NEW DELHI: Marketers must take a nuanced approach to engaging female shoppers in countries like India and China, in recognition of their differing lifestyles and preferences, a global survey has found.

Research firm Nielsen polled nearly 6,500 women in 21 nations across Africa, Asia Pacific, Europe, Latin America and North America.

Some 87% of Indian contributors stated they are "stressed" and "pressured", a perception held by 74% of their Mexican counterparts, and 69% of Russians.

The highest scores here in advanced markets came from Spain, with 66%, as France yielded 65%, and Italy registered 64%.

A further 68% of interviewees asserted women should have a lead role in purchasing health and beauty goods, sliding to 46% for food and clothes.

Most of the remainder wanted to hold an equal status with men in these categories, according to Nielsen's findings.

The greatest number of women thought men should assume the primary responsibility for buying home and personal electronics, and cars, although joint decisions were again typically the preferred option.

Looking to media, the web, television and cellphones had all achieved at least 90% penetration in mature markets, where smartphones scored 37%.

While TV has a 98% reach in emerging nations and mobile phones recorded 89%, totals fell to 46% for the net and 18% discussing smartphones, but the last two figures are rising rapidly.

Social networking uptake was strongest in the US, on 73%, with Italy and South Korea both on 71%, Australia hitting 69%, Brazil logging 63%, and Germany supplying a 50% penetration level.

But only 10% of women agreed they were influenced by advertising on social media platforms like Facebook and Orkut.

Recommendations from friend or family members constituted the most trusted source of information, mentioned by 78% of respondents.
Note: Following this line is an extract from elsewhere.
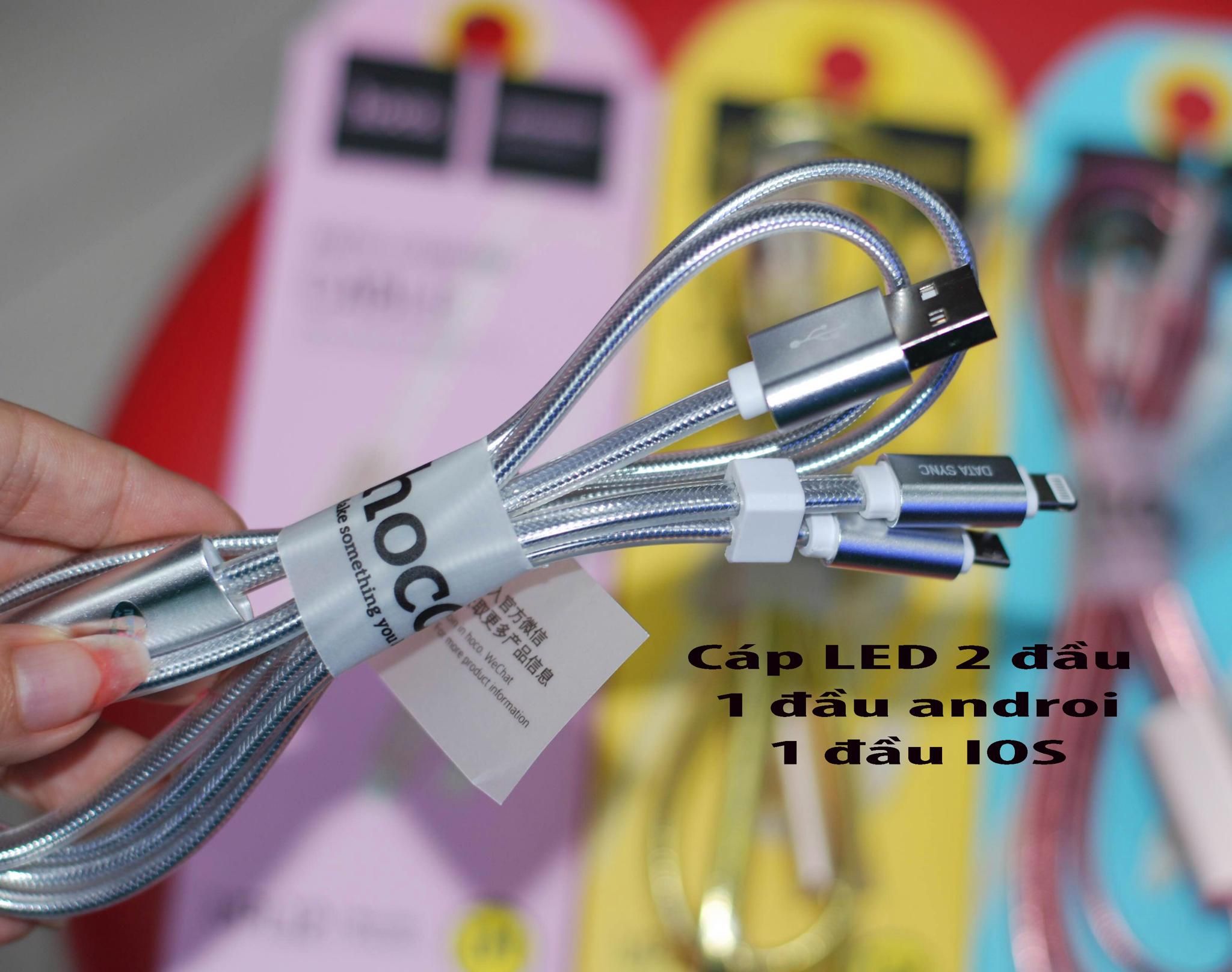 Cáp Led chính hãng HOCO báo đèn khi đang sạc.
Consumer reviews took second place in mature markets, delivering 49%, ahead of newspaper editorial, with 35%, and brand websites, on 32%.

Shoppers in emerging nations put branded websites in second position, on 60%, giving editorial content 56% and consumer reviews 54%.
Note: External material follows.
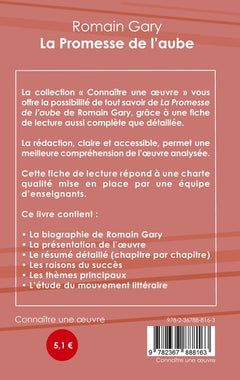 Fiche de lecture La Promesse de l'aube de Romain Gary (Analyse littéraire de référence et résumé complet)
Over 40% of this audience also trusted radio, magazine, outdoor, newspaper, television and search advertising, as well as product integration in shows and branded sponsorships.
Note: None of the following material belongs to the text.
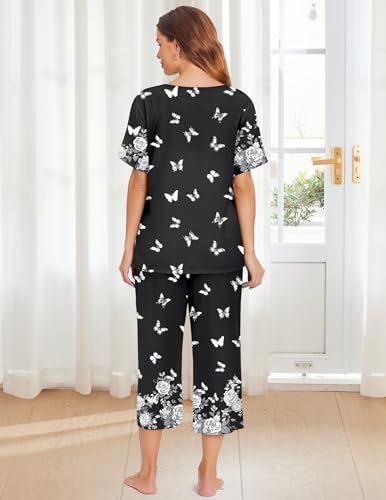Image of Ekouaer Women's Two Piece Lounge Set Short Sleeve Shirt and Capri Pants Mumu Pajama with Pockets Loungewear Pjs Sets S-2XL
These figures often almost double the equivalent ratings provided by participants in geographies like Western Europe and North America.

Television was named as the favoured source of discovering new product information by 54% of the panel in emerging markets, beating word of mouth (WOM), on 18%, and newspapers, with 10%.

By contrast, television secured 24% in more mature economies, internet search received 15%, and WOM lodged 14% for recently-launched goods.

Among the sample from fast-growth economies, TV posted 42% for identifying potentially attractive new stores, outperforming word of mouth's 18% and the the 10% generated by newspapers.

Returning to areas such as Western Europe and North America, WOM registered 23%, trumping TV's 14% and online search's 13%.

Quality was the attribute that most inspired brand loyalty across all of the countries assessed, with the sole exception of the UK, where trust was the top factor.

Trust also claimed second spot in Australia, Brazil, Canada, Japan, Russia, South Korea, Sweden, Turkey and the US.

Participants in India, Malaysia, Mexico handed price this status, while Chinese, French, German, Italian, Japanese and Spanish contributors all opted for efficacy.